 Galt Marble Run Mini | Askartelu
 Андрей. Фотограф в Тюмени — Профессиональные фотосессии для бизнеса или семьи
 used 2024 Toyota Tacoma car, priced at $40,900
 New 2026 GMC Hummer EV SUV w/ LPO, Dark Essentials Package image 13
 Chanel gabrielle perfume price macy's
* * *
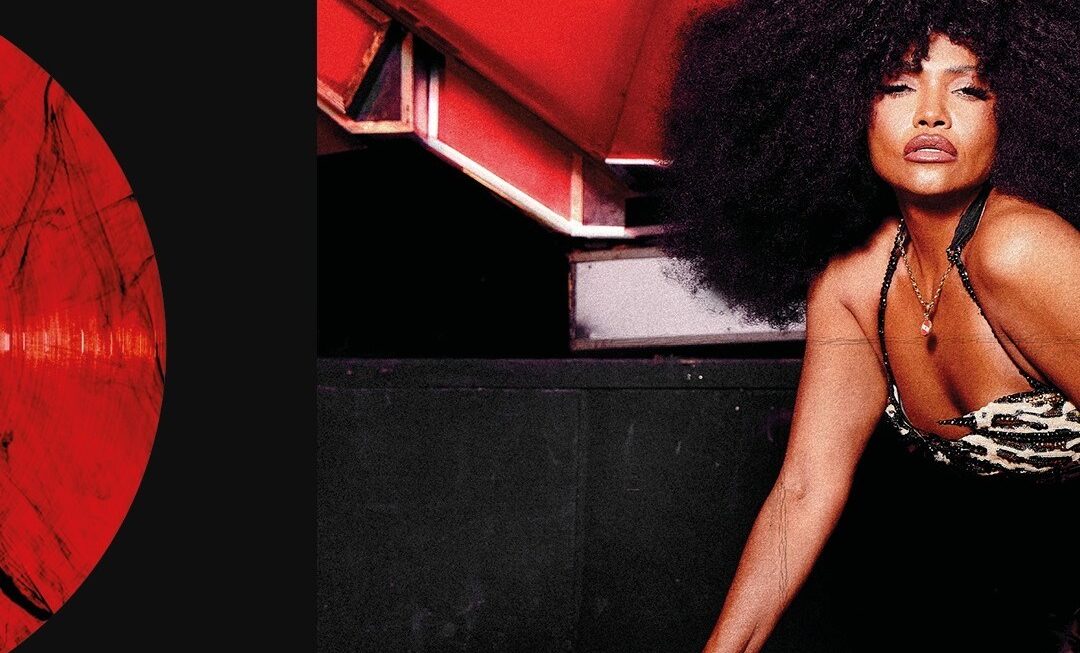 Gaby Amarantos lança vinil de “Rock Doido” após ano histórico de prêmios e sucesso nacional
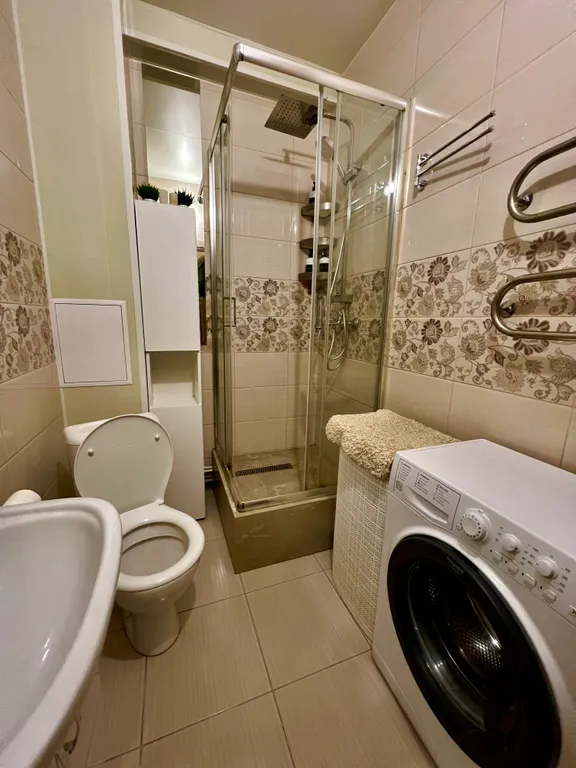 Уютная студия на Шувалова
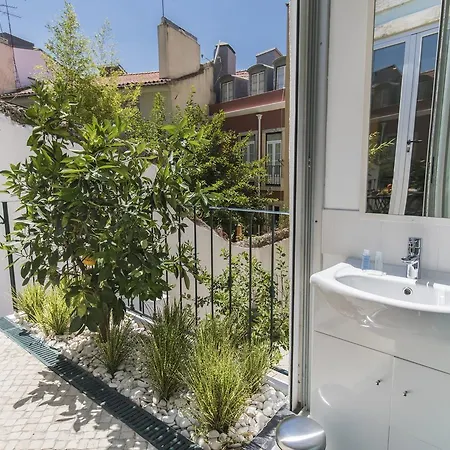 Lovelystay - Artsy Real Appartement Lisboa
==
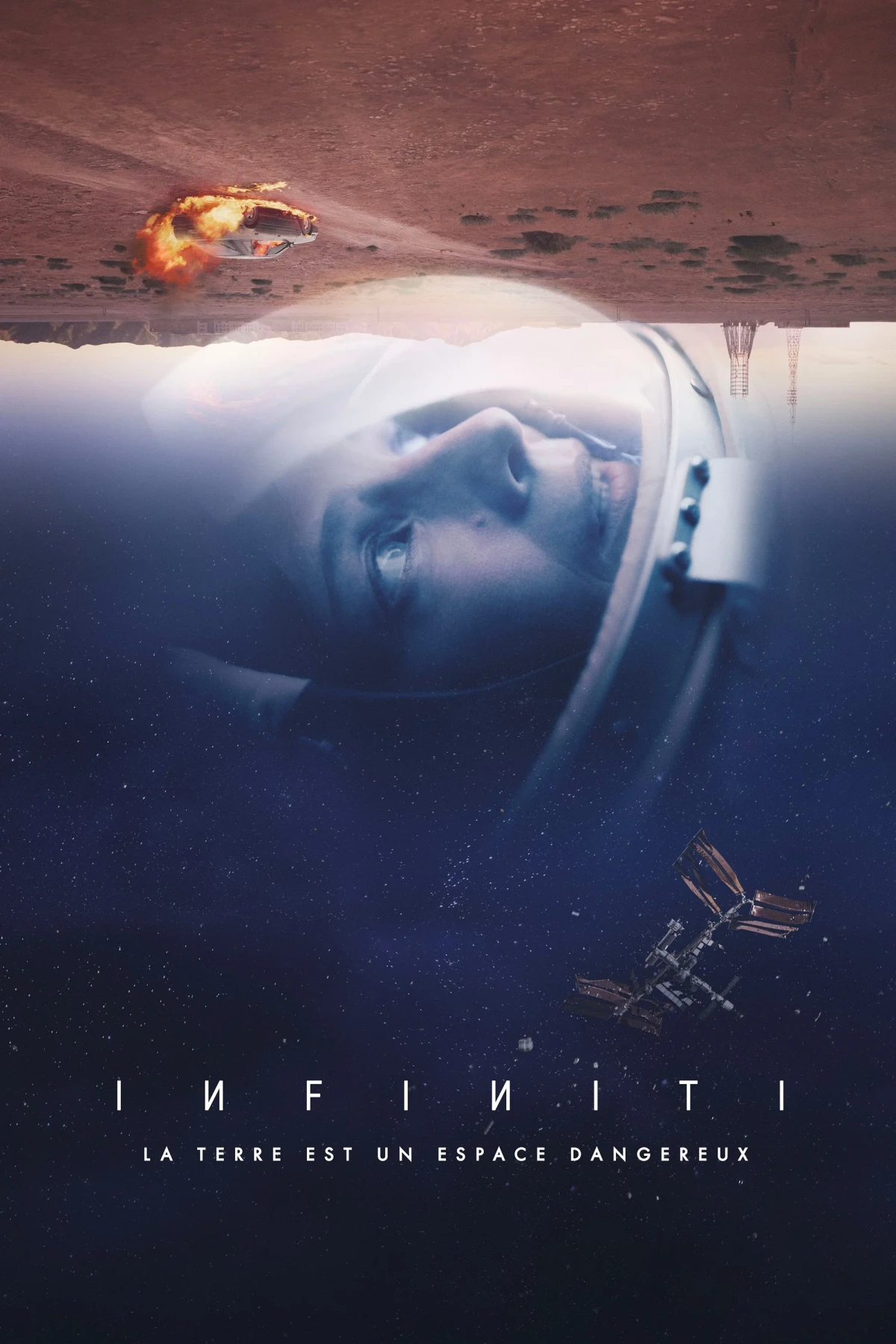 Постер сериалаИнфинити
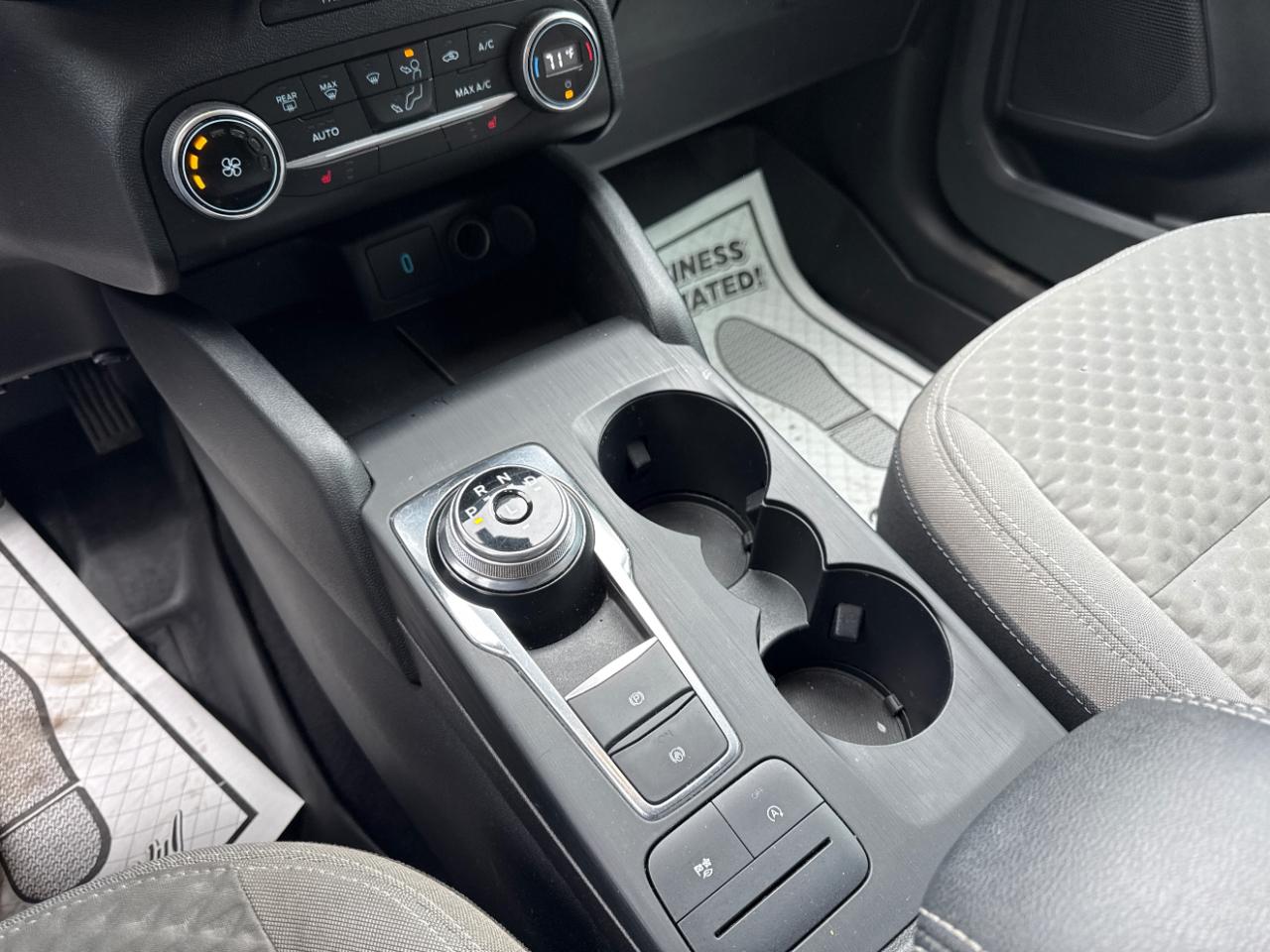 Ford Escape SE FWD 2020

▶ [Exercise description] Reproduce, exactly as they stand in the data above, the lines from the one that holds "Galt Marble Run Mini | Askartelu" to the one that holds "Chanel gabrielle perfume price macy's", inclusive.

▶ [Response to this exercise]
 Galt Marble Run Mini | Askartelu
 Андрей. Фотограф в Тюмени — Профессиональные фотосессии для бизнеса или семьи
 used 2024 Toyota Tacoma car, priced at $40,900
 New 2026 GMC Hummer EV SUV w/ LPO, Dark Essentials Package image 13
 Chanel gabrielle perfume price macy's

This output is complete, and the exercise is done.